Re: [Patch/ccmp] Cost instruction sequences to choose better expand order
- From: Jiong Wang <jiong dot wang at arm dot com>
- To: Bernd Schmidt <bschmidt at redhat dot com>
- Cc: GCC Patches <gcc-patches at gcc dot gnu dot org>, Richard Henderson <rth at redhat dot com>
- Date: Mon, 21 Sep 2015 12:43:01 +0100
- Subject: Re: [Patch/ccmp] Cost instruction sequences to choose better expand order
- Authentication-results: sourceware.org; auth=none
- References: <n99vbb7d8uc dot fsf at arm dot com> <55FFEC6A dot 3030809 at redhat dot com>
Bernd Schmidt writes:
> On 09/18/2015 05:21 PM, Jiong Wang wrote:
>>
>> Current conditional compare (CCMP) support in GCC aim to optimize
>> short circuit for cascade comparision, given a simple conditional
>> compare candidate:
>>
>> if (a == 17 || a == 32)
> [...]
>> The problem is current implementation always expand t0 first, then
>> t1. While the expand order need to consider the rtx costs, because "cmp"
>> and "ccmp" may have different restrictions that the expand order will
>> result in performance differences.
>>
>> For example on AArch64, "ccmp" only accept immediate within -31 ~ 31
>> while "cmp" accept wider range, so if we expand "a == 32" in the second
>> step, then it will use "ccmp", and thus an extra "mov reg, 32"
>> instruction is generated because "32" is out of the range. While if we
>> expand "a == 32" first, then it's fine as "cmp" can encoding it.
>
> I've played with this patch a bit with an aarch64 cross compiler. First
> of all - it doesn't seem to work, I get identical costs and the swapping
> doesn't happen. Did you forget to include a rtx_cost patch?

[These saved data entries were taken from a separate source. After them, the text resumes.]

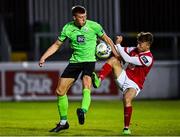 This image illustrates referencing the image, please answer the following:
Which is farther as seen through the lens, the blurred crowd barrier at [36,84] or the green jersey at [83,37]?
the blurred crowd barrier at [36,84]

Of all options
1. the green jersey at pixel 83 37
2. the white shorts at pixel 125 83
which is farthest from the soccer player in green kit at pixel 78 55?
the white shorts at pixel 125 83

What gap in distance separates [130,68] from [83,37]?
3.23ft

No. Please see NOTE part of the description. AArch64 doesn't cost ccmp
currently. It will be fixed by a seperate patch later. The testcase is
thus marked as XFAIL.
>
> I was a little worried about whether this would be expensive for longer
> sequences of conditions, but it seems like it looks only at leafs where
> we have two comparisons, so that cost should be minimal. However, it's
> possible there's room for improvement in code generation. I was curious
> and looked at a slightly more complex testcase
>
> int
> foo (int a)
> {
> if (a == 17 || a == 32 || a == 47 || a == 53 || a == 66 || a == 72)
> return 1;
> else
> return 2;
> }
Yes, this patch only cost the inner most call of the recursive call of
expand_ccmp_expr_1 which is simple and common situation.
>
> and this doesn't generate a sequence of ccmps as might have been
> expected; we only get pairs of comparisons merged with a bit_ior:
>
> D.2699 = a == 17;
> D.2700 = a == 32;
> D.2701 = D.2699 | D.2700;
> if (D.2701 != 0) goto <D.2697>; else goto <D.2702>;
> <D.2702>:
> D.2703 = a == 47;
> D.2704 = a == 53;
> D.2705 = D.2703 | D.2704;
> if (D.2705 != 0) goto <D.2697>; else goto <D.2706>;
>
> and the ccmp expander doesn't see the entire thing. I found that a
> little surprising TBH.
It's because fold_truth_andor has re-written the tree to avoid the use
short circuit given LOGICAL_OP_NON_SHORT_CIRCUIT returns true.
--
Regards,
Jiong